Gdy ofiara broni oprawcę, czyli o syndromie sztokholmskim
Wszystko zaczęło się od napadu na bank
Jak to się stało, że czworo pracowników szwedzkiego banku, przetrzymywanych przez kilka dni pod lufami karabinów przez bandytów, po wyjściu na wolność nie tylko wyrażało sympatię dla przestępców, ale nawet stawało w ich obronie? Odpowiedzi od ponad 40 lat poszukują naukowcy, którzy od czasu tej historii zaczęli używać terminu „syndrom sztokholmski”.
Wczesnym rankiem 23 sierpnia 1973 r. do mieszczącej się na sztokholmskim placu Norrmalmstorg siedziby Sveriges Kreditbanken wszedł młody mężczyzna w płaszczu, spod którego po chwili wyciągnął karabin maszynowy i wystrzelił kilka serii na oślep.

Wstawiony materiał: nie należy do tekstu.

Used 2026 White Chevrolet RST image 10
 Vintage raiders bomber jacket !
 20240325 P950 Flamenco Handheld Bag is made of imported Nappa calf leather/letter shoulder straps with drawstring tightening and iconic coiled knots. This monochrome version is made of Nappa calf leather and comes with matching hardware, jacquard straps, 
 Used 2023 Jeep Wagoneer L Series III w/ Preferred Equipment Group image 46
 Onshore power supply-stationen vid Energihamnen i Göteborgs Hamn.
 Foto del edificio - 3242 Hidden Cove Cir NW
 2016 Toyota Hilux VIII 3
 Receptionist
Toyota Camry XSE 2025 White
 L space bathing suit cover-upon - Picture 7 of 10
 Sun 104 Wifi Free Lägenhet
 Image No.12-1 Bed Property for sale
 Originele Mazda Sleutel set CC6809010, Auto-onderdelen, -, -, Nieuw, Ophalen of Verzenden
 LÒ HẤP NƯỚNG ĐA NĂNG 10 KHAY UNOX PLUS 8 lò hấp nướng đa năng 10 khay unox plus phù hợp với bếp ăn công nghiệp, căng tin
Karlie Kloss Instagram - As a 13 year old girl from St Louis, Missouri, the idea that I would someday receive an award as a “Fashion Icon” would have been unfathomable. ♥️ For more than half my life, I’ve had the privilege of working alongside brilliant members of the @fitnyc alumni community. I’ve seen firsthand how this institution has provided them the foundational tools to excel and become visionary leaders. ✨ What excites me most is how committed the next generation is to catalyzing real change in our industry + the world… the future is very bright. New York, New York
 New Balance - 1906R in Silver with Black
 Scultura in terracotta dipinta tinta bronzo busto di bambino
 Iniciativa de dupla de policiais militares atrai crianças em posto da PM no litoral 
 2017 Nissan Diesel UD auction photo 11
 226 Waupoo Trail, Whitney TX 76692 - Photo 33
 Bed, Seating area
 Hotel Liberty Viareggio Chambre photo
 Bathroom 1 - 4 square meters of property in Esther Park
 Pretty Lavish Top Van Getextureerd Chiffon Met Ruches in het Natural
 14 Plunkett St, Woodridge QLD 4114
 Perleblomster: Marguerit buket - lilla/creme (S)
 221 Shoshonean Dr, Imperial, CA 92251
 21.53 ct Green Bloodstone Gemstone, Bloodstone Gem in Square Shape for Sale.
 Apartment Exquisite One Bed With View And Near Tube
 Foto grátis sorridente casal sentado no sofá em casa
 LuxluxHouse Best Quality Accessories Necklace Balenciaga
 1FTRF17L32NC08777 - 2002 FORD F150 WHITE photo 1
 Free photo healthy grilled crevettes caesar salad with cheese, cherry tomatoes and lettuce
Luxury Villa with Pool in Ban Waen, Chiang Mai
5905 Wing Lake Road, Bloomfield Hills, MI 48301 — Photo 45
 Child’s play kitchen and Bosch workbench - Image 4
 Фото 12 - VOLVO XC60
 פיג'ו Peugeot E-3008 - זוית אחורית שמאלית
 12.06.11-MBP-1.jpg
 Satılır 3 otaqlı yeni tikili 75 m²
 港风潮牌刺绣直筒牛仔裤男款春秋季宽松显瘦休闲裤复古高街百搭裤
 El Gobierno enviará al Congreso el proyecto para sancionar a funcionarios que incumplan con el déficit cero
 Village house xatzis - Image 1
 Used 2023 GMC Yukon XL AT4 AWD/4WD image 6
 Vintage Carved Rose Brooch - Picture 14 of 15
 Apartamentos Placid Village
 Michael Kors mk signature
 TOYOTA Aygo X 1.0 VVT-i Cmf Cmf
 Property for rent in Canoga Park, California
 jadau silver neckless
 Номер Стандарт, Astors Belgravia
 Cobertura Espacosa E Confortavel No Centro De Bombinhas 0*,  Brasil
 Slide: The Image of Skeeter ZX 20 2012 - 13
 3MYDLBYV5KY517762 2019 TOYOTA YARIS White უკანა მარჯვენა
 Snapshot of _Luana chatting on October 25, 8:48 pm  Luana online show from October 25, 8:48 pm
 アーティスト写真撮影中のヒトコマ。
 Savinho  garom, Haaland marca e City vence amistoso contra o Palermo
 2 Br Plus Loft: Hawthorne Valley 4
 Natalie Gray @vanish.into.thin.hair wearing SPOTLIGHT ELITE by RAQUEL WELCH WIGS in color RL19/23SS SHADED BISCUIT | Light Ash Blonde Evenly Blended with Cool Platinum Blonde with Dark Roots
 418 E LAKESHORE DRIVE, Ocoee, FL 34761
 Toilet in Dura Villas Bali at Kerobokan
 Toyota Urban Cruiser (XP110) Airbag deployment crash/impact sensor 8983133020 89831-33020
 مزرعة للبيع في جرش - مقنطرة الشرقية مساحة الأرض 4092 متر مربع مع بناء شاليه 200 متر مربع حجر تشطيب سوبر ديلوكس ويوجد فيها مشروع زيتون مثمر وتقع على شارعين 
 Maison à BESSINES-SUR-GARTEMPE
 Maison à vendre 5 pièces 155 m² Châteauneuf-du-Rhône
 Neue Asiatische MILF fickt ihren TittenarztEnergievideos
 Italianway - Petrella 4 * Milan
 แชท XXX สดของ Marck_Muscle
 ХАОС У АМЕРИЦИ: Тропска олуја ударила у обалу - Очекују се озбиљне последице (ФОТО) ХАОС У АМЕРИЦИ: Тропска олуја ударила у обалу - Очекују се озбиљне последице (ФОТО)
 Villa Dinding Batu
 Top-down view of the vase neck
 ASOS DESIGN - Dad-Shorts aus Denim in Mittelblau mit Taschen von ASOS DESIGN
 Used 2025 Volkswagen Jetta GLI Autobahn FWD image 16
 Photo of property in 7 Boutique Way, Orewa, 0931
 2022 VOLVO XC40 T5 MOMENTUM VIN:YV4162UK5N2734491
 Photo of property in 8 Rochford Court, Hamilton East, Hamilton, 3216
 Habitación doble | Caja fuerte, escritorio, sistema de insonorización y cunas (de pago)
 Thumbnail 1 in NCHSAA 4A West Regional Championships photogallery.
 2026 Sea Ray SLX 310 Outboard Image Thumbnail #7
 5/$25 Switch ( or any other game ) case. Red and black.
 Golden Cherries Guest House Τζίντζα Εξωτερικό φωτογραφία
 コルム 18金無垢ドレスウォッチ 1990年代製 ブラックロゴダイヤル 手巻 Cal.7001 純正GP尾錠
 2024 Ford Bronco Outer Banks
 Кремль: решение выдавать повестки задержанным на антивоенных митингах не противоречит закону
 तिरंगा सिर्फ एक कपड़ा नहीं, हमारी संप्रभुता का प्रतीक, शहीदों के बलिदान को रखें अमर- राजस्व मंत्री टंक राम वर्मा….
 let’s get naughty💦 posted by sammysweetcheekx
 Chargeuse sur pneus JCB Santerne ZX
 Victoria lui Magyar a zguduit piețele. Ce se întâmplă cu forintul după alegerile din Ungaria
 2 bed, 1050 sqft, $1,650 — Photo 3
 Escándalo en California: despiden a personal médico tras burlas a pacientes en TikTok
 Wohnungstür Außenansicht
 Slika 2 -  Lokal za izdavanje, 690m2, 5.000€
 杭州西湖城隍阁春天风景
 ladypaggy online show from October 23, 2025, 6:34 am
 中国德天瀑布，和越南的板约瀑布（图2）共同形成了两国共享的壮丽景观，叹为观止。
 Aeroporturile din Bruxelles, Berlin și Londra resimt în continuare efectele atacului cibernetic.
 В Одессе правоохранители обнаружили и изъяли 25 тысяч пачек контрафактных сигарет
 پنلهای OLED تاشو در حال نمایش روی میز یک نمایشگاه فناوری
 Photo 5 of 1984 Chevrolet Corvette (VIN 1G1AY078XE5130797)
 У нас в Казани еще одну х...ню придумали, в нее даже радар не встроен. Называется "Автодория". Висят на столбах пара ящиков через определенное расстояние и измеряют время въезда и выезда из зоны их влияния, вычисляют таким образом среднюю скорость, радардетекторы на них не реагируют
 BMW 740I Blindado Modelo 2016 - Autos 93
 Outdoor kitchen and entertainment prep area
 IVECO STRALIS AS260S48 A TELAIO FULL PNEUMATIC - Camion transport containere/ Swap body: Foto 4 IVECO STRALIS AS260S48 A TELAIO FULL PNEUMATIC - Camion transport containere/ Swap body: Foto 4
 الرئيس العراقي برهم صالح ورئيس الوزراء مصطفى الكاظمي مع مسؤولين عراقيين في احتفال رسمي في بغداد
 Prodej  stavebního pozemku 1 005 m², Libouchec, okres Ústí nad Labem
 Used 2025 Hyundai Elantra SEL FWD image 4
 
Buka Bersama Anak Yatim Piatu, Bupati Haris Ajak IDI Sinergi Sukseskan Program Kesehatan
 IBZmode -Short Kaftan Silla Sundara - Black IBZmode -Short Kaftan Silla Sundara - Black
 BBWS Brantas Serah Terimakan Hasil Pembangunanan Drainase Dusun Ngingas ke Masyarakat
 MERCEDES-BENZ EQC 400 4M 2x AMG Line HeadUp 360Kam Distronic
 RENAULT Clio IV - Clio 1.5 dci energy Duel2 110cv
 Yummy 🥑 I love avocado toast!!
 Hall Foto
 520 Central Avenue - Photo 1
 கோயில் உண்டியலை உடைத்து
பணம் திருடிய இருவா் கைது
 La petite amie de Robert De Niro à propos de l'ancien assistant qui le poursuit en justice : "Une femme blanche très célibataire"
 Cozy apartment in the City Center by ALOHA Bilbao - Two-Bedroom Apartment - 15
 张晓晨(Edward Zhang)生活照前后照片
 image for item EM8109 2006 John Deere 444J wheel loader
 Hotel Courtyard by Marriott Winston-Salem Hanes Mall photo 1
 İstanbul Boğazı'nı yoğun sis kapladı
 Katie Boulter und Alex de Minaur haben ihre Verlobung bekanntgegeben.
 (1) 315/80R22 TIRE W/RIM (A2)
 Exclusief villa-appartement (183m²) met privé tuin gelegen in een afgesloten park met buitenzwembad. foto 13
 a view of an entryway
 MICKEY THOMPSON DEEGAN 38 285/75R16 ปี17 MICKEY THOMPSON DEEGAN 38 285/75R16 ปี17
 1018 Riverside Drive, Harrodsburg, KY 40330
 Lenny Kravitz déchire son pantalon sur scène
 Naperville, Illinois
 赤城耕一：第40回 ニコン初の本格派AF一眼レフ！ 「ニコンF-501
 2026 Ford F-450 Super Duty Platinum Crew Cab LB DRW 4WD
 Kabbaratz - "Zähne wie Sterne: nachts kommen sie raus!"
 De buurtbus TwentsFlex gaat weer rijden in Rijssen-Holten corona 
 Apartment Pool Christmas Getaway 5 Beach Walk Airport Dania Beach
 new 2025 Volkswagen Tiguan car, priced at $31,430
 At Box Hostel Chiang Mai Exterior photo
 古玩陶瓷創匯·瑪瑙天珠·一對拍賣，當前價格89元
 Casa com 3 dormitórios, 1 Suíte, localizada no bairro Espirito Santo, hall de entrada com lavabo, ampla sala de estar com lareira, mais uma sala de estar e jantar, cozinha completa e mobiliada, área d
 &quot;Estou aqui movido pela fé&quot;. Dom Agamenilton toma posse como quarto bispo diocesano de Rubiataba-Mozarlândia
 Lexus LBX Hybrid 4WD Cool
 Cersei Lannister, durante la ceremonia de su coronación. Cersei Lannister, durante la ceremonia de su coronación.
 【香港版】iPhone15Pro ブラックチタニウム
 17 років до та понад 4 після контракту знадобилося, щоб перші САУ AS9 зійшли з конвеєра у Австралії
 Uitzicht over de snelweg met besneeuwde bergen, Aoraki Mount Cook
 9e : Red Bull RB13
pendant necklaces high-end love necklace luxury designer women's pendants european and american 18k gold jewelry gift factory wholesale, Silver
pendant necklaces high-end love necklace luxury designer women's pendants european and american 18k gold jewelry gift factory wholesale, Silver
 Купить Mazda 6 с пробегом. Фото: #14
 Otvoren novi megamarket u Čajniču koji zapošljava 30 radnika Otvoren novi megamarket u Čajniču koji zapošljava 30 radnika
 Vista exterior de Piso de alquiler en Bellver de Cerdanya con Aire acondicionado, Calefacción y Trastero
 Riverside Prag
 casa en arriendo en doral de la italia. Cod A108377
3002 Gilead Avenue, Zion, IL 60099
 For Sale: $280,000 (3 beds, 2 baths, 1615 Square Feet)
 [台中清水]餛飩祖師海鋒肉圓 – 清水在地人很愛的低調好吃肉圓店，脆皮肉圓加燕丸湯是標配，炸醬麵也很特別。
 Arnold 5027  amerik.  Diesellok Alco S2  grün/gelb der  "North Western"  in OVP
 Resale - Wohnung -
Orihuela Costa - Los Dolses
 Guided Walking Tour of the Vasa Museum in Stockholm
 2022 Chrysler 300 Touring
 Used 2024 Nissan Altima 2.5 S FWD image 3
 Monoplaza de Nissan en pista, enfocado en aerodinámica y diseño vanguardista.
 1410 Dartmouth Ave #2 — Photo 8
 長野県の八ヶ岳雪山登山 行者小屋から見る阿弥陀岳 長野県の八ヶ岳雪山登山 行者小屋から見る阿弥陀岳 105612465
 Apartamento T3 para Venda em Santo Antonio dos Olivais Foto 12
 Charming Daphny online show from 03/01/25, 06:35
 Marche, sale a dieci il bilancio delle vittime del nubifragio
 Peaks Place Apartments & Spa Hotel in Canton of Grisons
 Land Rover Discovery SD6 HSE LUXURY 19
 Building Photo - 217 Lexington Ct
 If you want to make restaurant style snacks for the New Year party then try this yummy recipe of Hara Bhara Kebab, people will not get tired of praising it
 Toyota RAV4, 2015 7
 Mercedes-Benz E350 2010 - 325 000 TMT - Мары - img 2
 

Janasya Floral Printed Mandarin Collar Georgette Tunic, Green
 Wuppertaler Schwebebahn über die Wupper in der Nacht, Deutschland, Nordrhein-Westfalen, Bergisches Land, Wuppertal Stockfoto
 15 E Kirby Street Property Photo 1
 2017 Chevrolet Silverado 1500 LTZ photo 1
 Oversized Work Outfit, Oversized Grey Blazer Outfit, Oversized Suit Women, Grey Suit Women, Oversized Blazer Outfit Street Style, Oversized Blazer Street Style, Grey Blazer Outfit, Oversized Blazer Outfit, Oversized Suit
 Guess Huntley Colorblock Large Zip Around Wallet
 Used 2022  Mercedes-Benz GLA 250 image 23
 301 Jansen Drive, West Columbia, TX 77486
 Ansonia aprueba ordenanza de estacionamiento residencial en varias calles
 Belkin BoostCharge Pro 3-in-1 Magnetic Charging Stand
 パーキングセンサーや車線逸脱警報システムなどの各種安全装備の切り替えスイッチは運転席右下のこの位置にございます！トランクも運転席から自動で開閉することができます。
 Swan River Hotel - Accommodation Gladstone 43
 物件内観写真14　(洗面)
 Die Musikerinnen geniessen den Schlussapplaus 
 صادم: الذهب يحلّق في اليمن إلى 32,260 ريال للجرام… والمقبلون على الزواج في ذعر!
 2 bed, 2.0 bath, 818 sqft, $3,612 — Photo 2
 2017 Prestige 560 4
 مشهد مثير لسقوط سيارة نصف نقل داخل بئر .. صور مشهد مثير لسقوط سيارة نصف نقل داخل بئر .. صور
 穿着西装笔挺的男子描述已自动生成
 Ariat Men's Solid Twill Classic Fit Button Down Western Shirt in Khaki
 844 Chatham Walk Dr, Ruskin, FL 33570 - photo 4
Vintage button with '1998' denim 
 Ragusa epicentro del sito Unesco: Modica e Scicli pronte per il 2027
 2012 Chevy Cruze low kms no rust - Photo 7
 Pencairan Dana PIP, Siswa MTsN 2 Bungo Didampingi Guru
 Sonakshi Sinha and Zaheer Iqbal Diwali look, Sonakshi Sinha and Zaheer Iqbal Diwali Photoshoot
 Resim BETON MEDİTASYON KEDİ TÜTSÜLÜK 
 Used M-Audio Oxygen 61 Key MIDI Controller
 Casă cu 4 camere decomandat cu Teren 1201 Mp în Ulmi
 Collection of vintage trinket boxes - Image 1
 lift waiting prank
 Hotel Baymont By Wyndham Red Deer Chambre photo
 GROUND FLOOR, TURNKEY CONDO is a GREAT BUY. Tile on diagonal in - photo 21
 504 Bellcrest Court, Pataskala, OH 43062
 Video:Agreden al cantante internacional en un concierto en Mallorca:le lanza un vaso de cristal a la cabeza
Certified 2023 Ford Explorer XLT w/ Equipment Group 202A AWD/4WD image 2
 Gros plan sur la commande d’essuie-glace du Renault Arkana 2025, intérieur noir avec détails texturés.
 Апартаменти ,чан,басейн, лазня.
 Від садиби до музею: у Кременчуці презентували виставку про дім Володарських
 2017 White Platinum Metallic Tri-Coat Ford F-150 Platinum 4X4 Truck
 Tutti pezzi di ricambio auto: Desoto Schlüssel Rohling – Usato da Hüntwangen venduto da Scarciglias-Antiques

Napastnikiem był 32-letni Jan-Erik Olsson, kryminalista skazany parę miesięcy wcześniej na pobyt w więzieniu w Kalmar. Za dobre sprawowanie mężczyzna został jednak wypuszczony na przepustkę, ale nie zamierzał wracać za kratki. Po zastraszeniu pracowników banku, czworo z nich (trzy kobiety i mężczyznę) wziął jako zakładników, a następnie zaapelował do szwedzkich władz o wypuszczenie z więzienia kumpla, Clarka Olofssona, z którym siedział w jednej celi. Prośbę spełniono i niedługo później jego przyjaciel też pojawił się w siedzibie Sveriges Kreditbanken.